Israel put up clear signs warning that entering certain Palestinian-controlled areas can be lethal. Daily routines require constant awareness because the danger is never far away.

This is the soil in which Ben-Gvir’s message takes root. He speaks in plain terms about treating enemies as threats. He calls for the death penalty for terrorists who murder Israelis. He rejects the script of endless restraint and diplomatic theater. His tone is rough, and his methods are often provocative and headline-grabbing.

Most Israelis disagree with his style and rhetoric. Yet hundreds of thousands see in him a long-overdue dose of realism after decades of broken promises and one-sided expectations.

The roughly 500,000 votes his alliance received in the last election reflect accumulated national trauma more than any embrace of radicalism. These are not fringe voices. They come from people who have watched moderation fail to deliver the security it repeatedly promised.

They have lived through the gap between Israel’s conduct and the global response. They have seen communities destroyed, families shattered, and diplomatic efforts rewarded with slander rather than peace and acceptance.

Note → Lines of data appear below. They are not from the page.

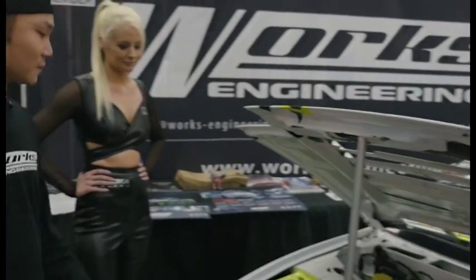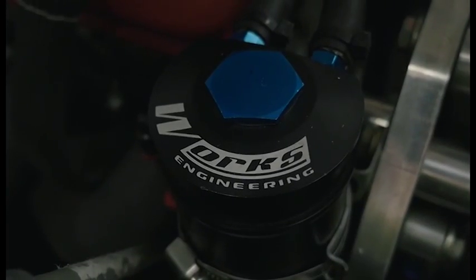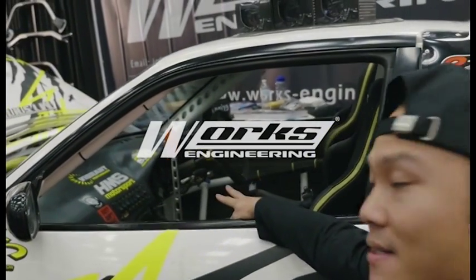The second part that Rob has here is our Works Engineering catch can, right here. And inside the car you can see that Rob is rocking our Pro 2 gauges.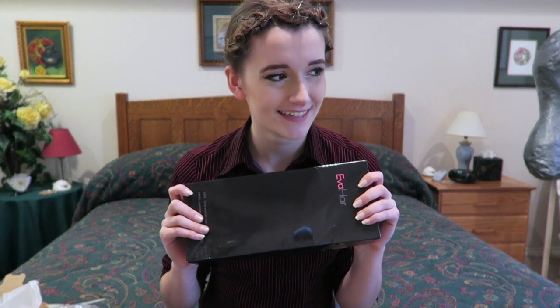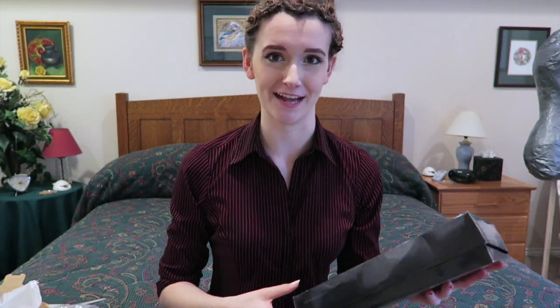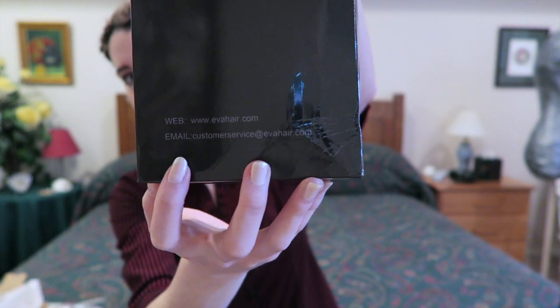Links to Eva Hair's social media will be down in the description box below if at any point you want to go check out their stuff, which I highly recommend. Eva Hair sent me their wig in this cute little box — it looks like a shoe box, honestly. The black long box reminds me of my dancer days buying dance shoes. It has Eva Hair's logo on the top, and links to their website and email address on the bottom.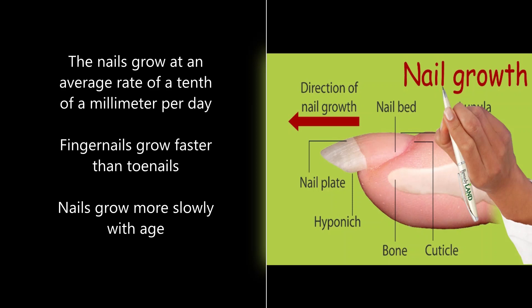Nails grow at an average of 10 mm per day or about 3 mm per month, with toenails growing at a relatively slower rate compared to fingernails. Also, both fingernails and toenails grow more slowly with age. However, if the nails stop growing or initially grow slowly, that might be a sign of an underlying issue.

Ben-Gvir plays to his base with theatrics, whether it is dramatic props, celebrations in the Knesset, or high-profile visits. But the deeper appeal cannot be dismissed as mere populism or racism. Israelis are not suddenly drawn to extremism. The support is too broad for that explanation. It stems from a sober assessment that softer approaches have not changed the fundamental threats Israel faces.

These realities do not excuse Ben-Gvir’s actions that harm Israel’s reputation or complicate diplomacy. They do, however, explain why a significant portion of the public looks at Ben-Gvir and sees something understandable, even if imperfect.

After years of watching concessions lead to more violence and restraint met with condemnation, many have concluded that strength and deterrence must come first. Illusions of acceptance through weakness have been tested enough.

The Israeli public did not arrive at this point lightly. It came through blood, broken agreements, and repeated lessons from a conflict that refuses easy solutions. Understanding that journey is essential to understanding the country today.

Only by facing the full history can anyone hope to chart a path forward that actually serves Israel’s security and future.